The right of control over personal data that is reflected in data portability rights, has been extended in the European Union beyond personal data to include non-personal data generated through human interaction with digital products and services by the EU Data Act. Thus, data about one’s connected car (for example, about its road or engine performance) is generated through the driver’s activities, but it is not personal data. Yet the Data Act would give the individual the right to obtain that data — or to port it to a service provider of their choice. Rights under the Data Act can also be exercised by organizations whose activities generate data. These rights — under both the GDPR and the Data Act — recognize the value of data and give greater control to those who are essentially its co-creators. According to recital 15 of the Data Act, “the data represent the digitisation of user actions and events and should accordingly be accessible to the user.”3
Conclusion
Although the link between personal data and the individual is grounded in clearly recognized privacy rights, there may be rights in data that go beyond those of the individuals who are the original source. Interests may also extend beyond privacy rights, with the ability to exercise control over data offering a growing range of benefits for individuals or groups. These may include better or more competitive services (as where porting one’s data permits access to different service providers) or downstream benefits (as where the exercise of collective interests in data gives a community the ability to insist on some form of give-back).

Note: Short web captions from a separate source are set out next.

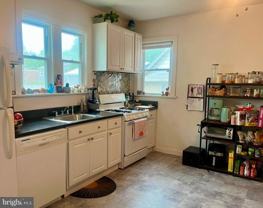 314 W 4th St - Photo 1 of 1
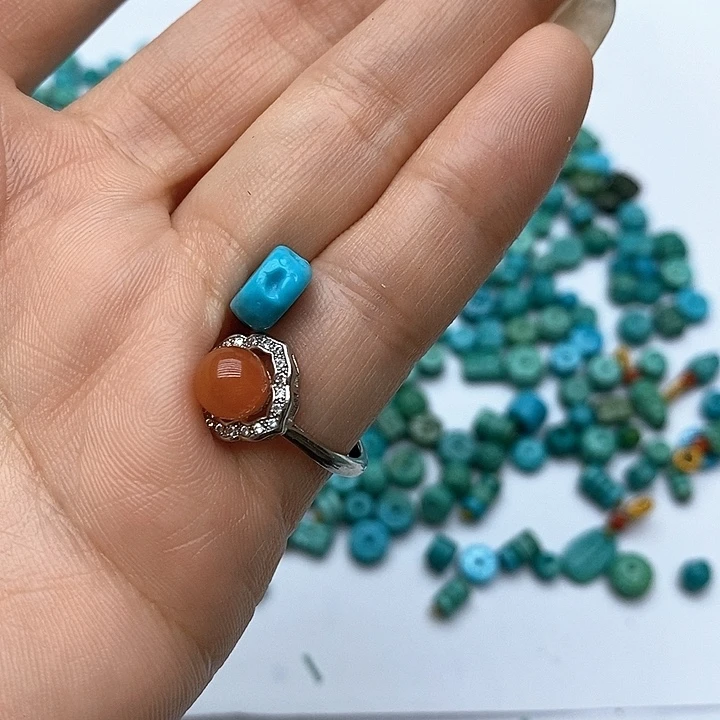 南红玛瑙未镶嵌珠宝奇石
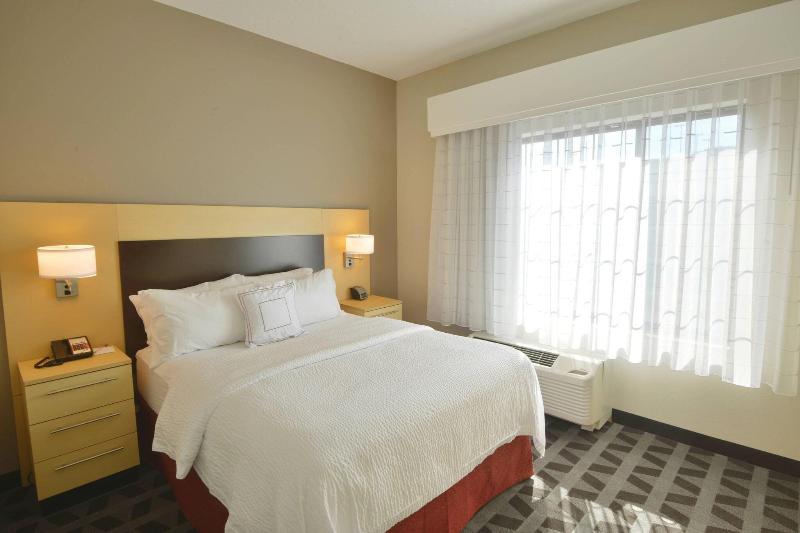 TownePlace Suites Williamsport image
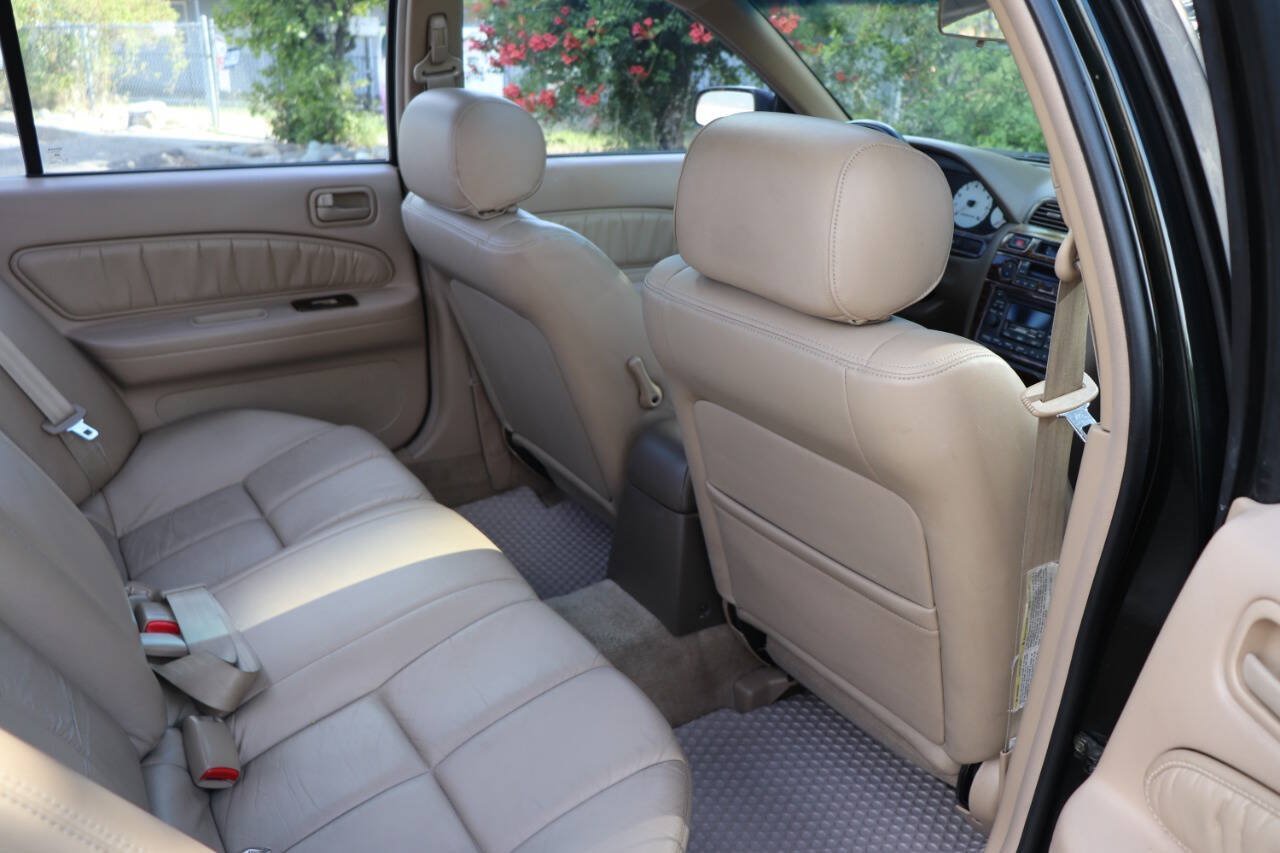 Used 1997 Nissan Maxima GXE FWD image 32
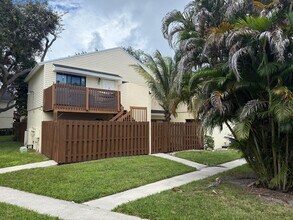 Building Photo - 647 Executive Center Dr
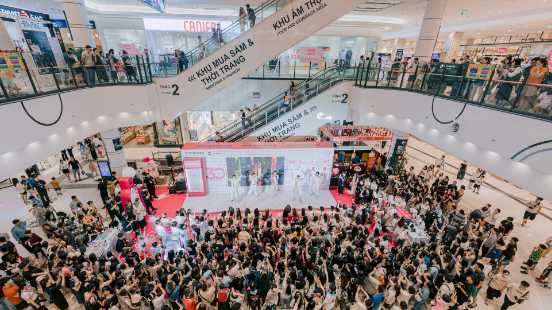 Bioderma x Cocolux: Cùng Bùi Công Nam trải nghiệm làm đẹp đậm chất Gen Z tại sân khấu Mê-Cellar Studio, Hà Nội - Ảnh 4. Bioderma x Cocolux: Cùng Bùi Công Nam trải nghiệm làm đẹp đậm chất Gen Z tại sân khấu Mê-Cellar Studio, Hà Nội - Ảnh 4.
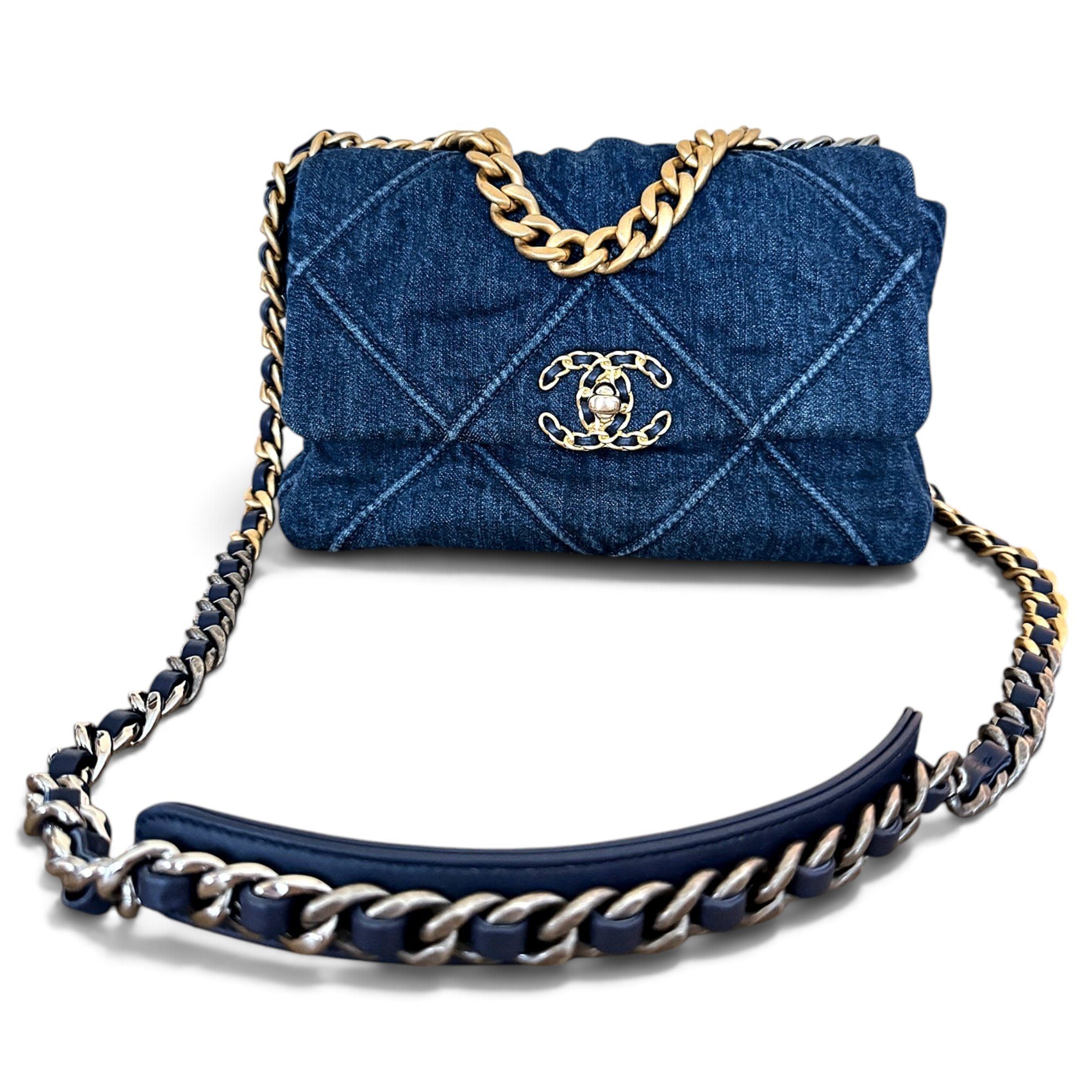 Chanel 19 handbag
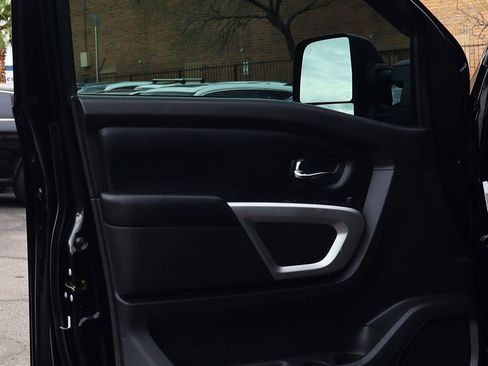 Used 2020 Nissan Titan SV w/ SV Convenience Package image 36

While data protection laws have typically also balanced privacy rights against competing interests in the use of personal data, new legislated approaches to data are beginning to recognize the interests of individuals not just as data subjects, but as co-creators of data in certain contexts. This adds a different type of weight in any balancing of interests — indeed, it alters the nature of the interests. None of this should come as a surprise. As the social and economic importance of data continues to grow, it is natural that how we understand and negotiate the different interests in that data will also change. The signs of this change are becoming evident in both emerging legal frameworks and in novel claims by individuals, groups and communities. As these changes begin to shape domestic approaches, they may also pose new challenges to international data governance frameworks.